* **DATA**
Content starts
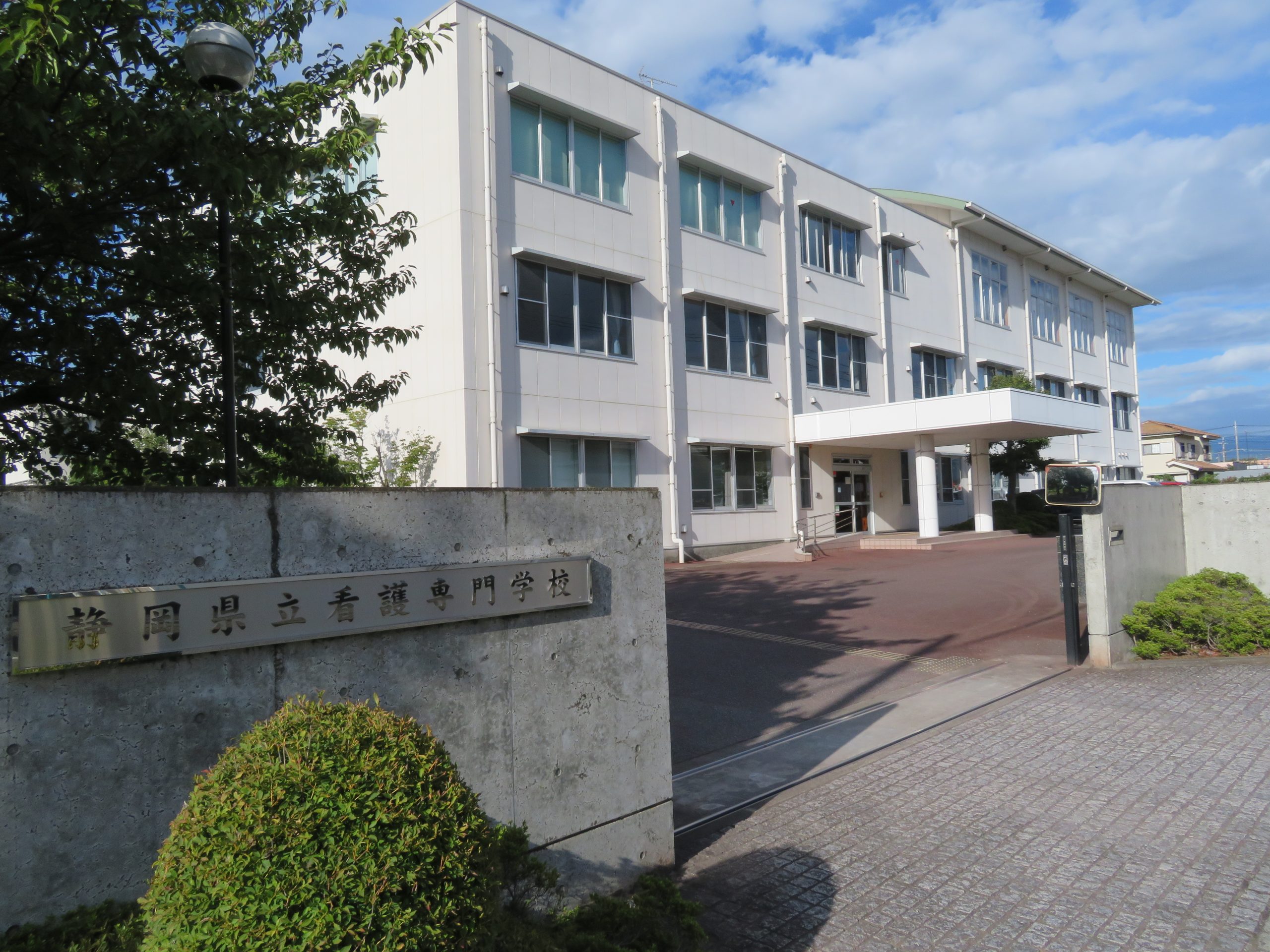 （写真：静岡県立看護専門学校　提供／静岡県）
Content ends
Content starts
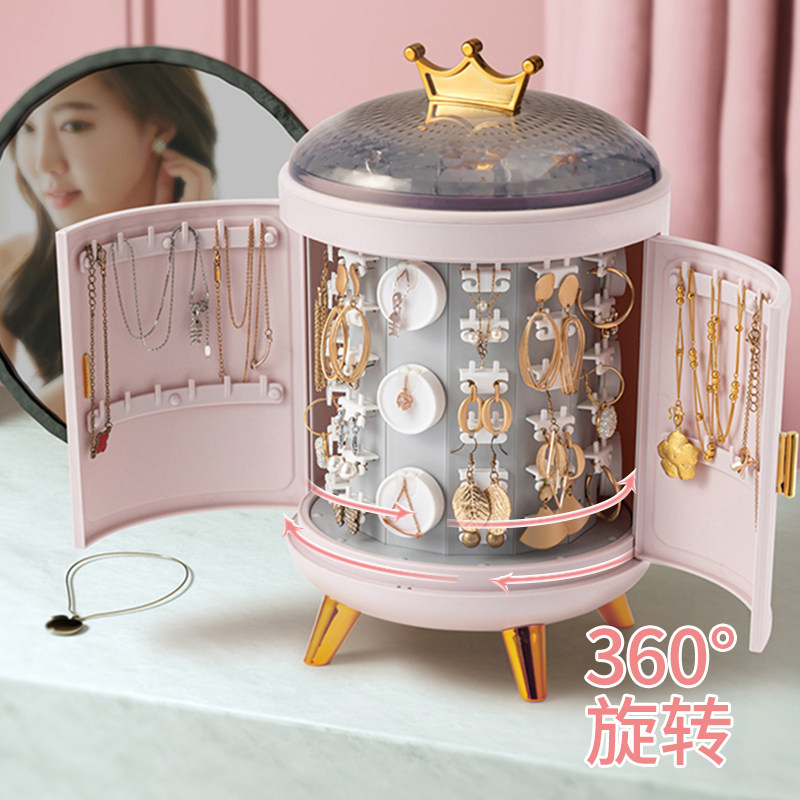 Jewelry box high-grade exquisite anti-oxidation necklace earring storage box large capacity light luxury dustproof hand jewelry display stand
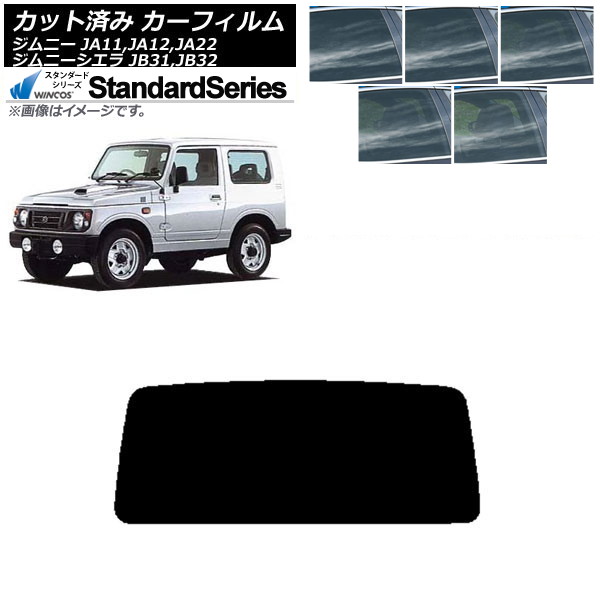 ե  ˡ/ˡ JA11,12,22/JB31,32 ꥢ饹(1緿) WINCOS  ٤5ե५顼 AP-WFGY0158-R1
Content ends
Content starts
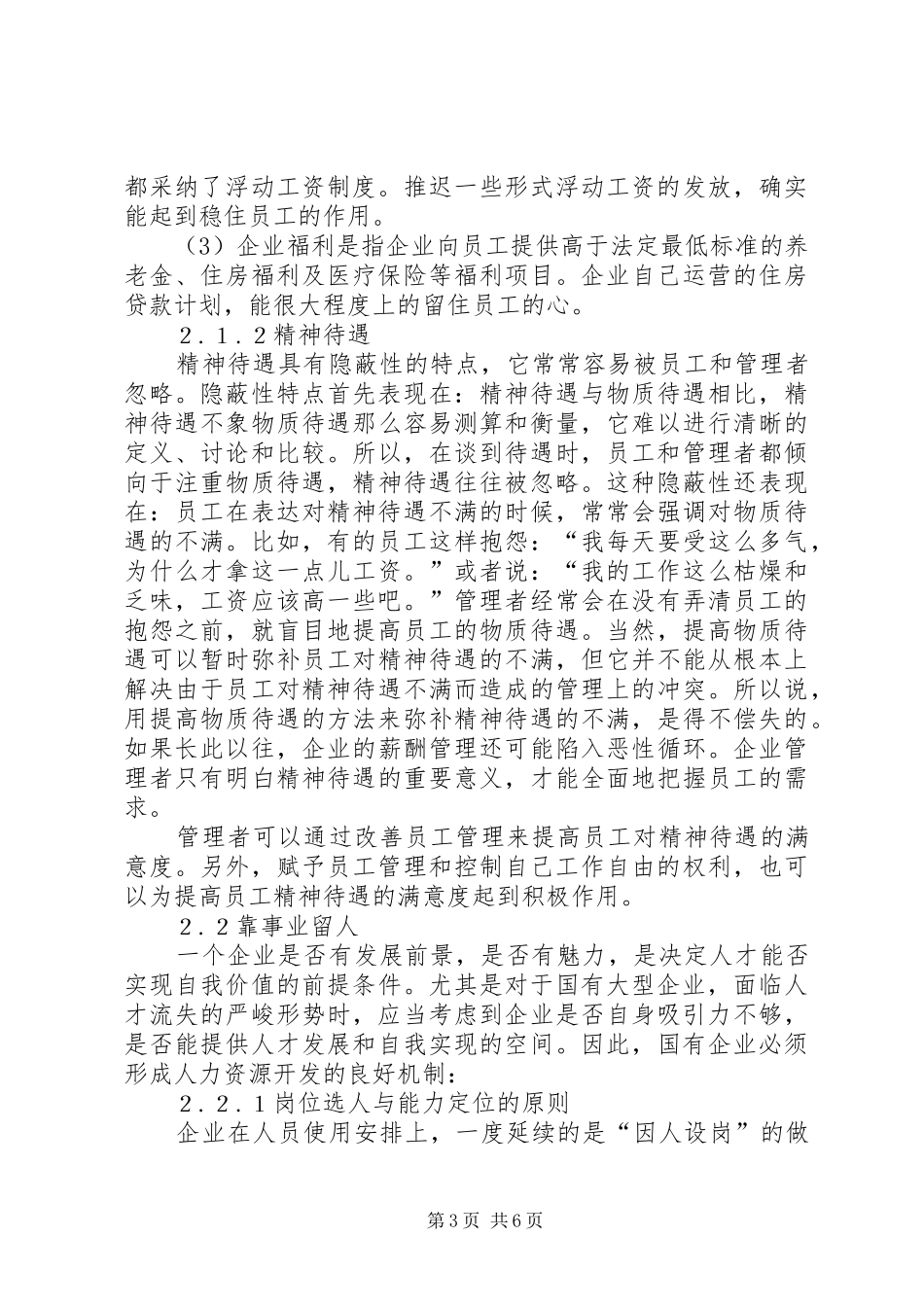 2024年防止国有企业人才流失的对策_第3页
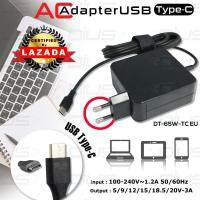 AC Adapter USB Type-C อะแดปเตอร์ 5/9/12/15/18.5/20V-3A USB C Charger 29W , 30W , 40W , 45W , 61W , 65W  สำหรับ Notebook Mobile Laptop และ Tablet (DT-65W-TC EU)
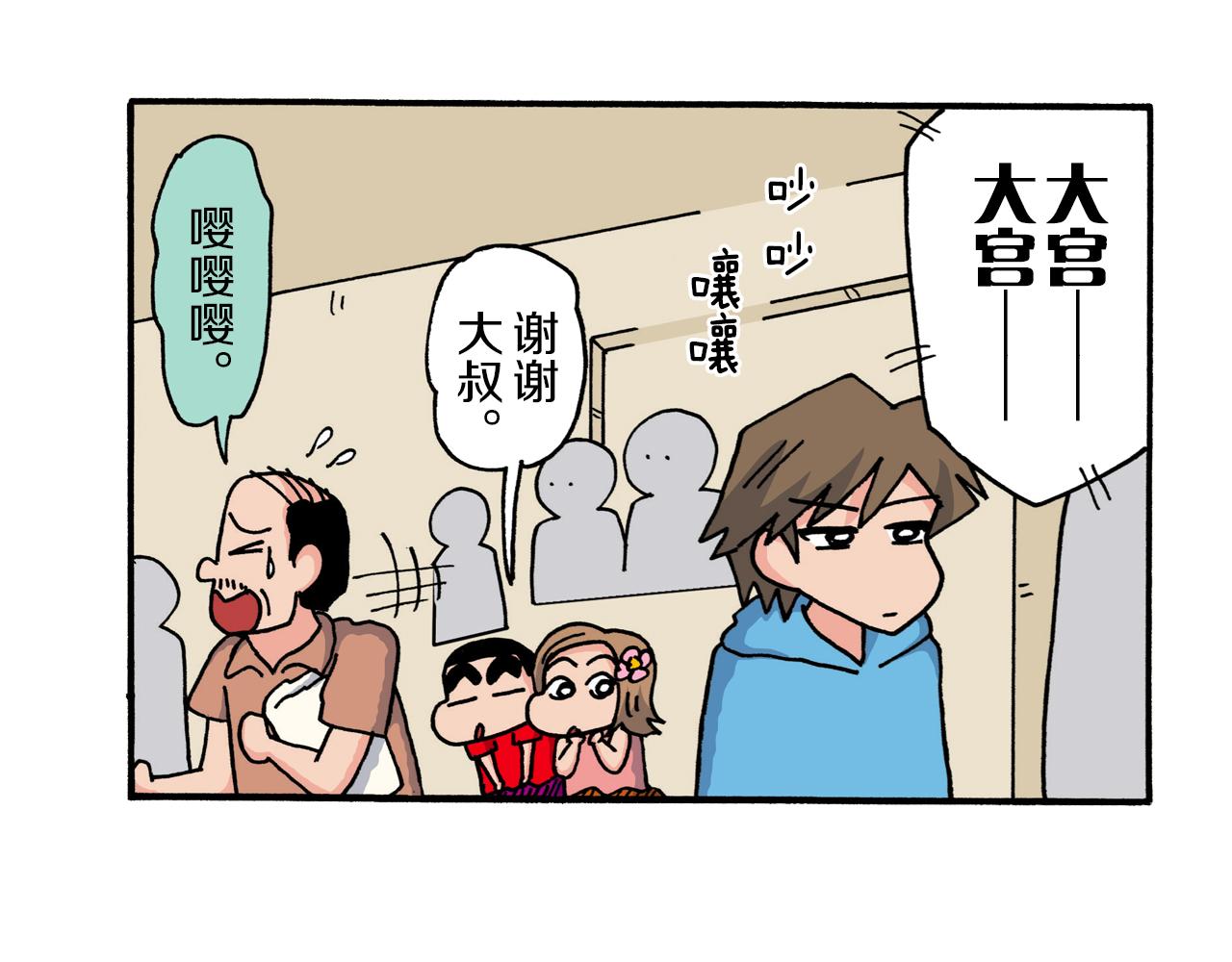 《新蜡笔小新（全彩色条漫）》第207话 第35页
Content ends
* **PROMPT**
Using the data above, output the line that has "Jewelry box high-grade", the line that has "ˡ/ˡ JA11,12,22/JB31,32 ꥢ饹(1緿)", and whatever lines fall between, each exactly as it stands and without pictures.

* **EXPECTED OUTPUT**
 Jewelry box high-grade exquisite anti-oxidation necklace earring storage box large capacity light luxury dustproof hand jewelry display stand
 ե  ˡ/ˡ JA11,12,22/JB31,32 ꥢ饹(1緿) WINCOS  ٤5ե५顼 AP-WFGY0158-R1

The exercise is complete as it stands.